Tweaking the “Analog” Side for Receive Performance
Once I had the digital side working 100%, I could focus on the finicky “analog” side of the program, tweaking parameters and filters until things began to operate more smoothly. (I could have also worked on documentation and code hygene, but that’s boring! Fun things first!) It was fun seeing how various tweaks crept up the received packet count from 670, to 750, to almost 900 packets.
I wanted to put the code online and just be done with it, but it was in an embarrassing state. Unreadable, variables all over the place, bad hygiene. To make it a bit more presentable, I moved the code that turned a byte buffer into a packet struct into its own file, and ran it through valgrind to make sure I wasn’t leaking memory. (I was. Everywhere.)
I also found libsndfile online, and linked that in so the project could finally read .wav files, so the user doesn’t have to mangle their data before feeding it into liquidwolf. Just a smidge lower barrier to entry for people who want to play with it. One of the unexpected benefits — I can now read .ogg files!
EDIT: An unexpected tweak came in last night from @sharebrained, the inventor of the PortaPack for HackRF! He’s a seasoned developer, and recognized a mistake I made on the analog side that picked up another 5% of the packets! Most of my tweaks right now only gather another 2 or 3 packets. 40 packets is a sizable chunk! I hope to explain this in my next post.
At the end of the day, I suppose there’s a few fun points to take away.
- DSP code is ugly, and making it pretty is hard.
- To eat an elephant sandwich, do it one bite at a time. (Byte at a time? d’ohohohoho)

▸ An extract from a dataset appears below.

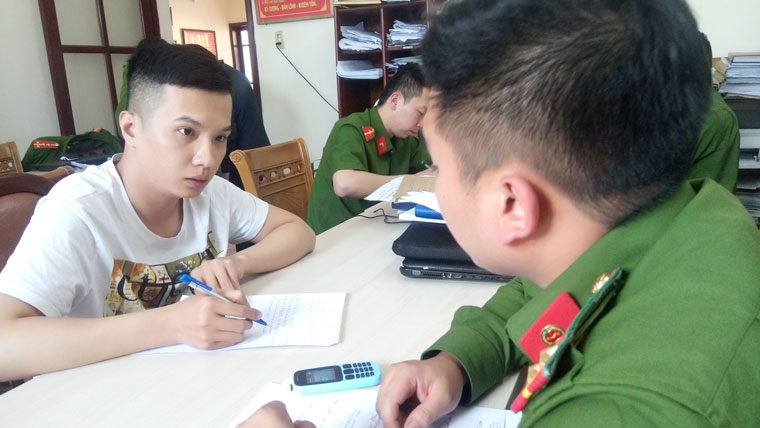 Các đối tượng tại cơ quan công an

- Off by one errors are still a thing. I don’t know how to count anymore.
- Perfect is the enemy of good enough.
- It takes me 7 evenings to write 100 lines of code (that still probably has shocking bugs in it). I don’t even have transmit working.

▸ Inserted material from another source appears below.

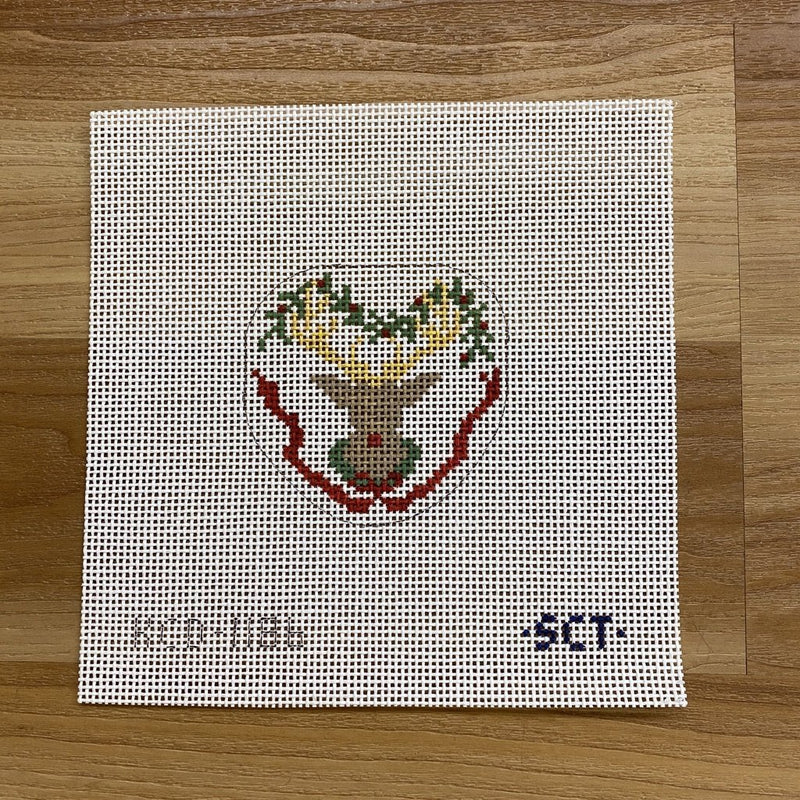 Reindeer Ornament (13 mesh)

- Getting a DSP project up off the ground is really hard, but once you’re in the air it’s a lot of fun.
I’d like to thank WB2OSZ for writing Direwolf, and W6KWF for his amazing thesis on APRS. Wading through old documents from the late 90’s to gather all the pieces of the puzzle is some serious effort. They truly blazed a path through the jungle of documentation, and left enough infrastructure behind to make this project much more feasible.
Thanks for reading, I hope you enjoyed it. Liquidwolf has a LONG way to go before it’s really practical, so I haven’t bothered to implement some useful features, like reading samples from a sound card, or a KISS PTY to allow it to integrate with other programs. I’d like to say “Part 2" will soon follow, but no promises. My muse is like Mary Poppins. It comes in, plays some fun games, and leaves when the wind changes.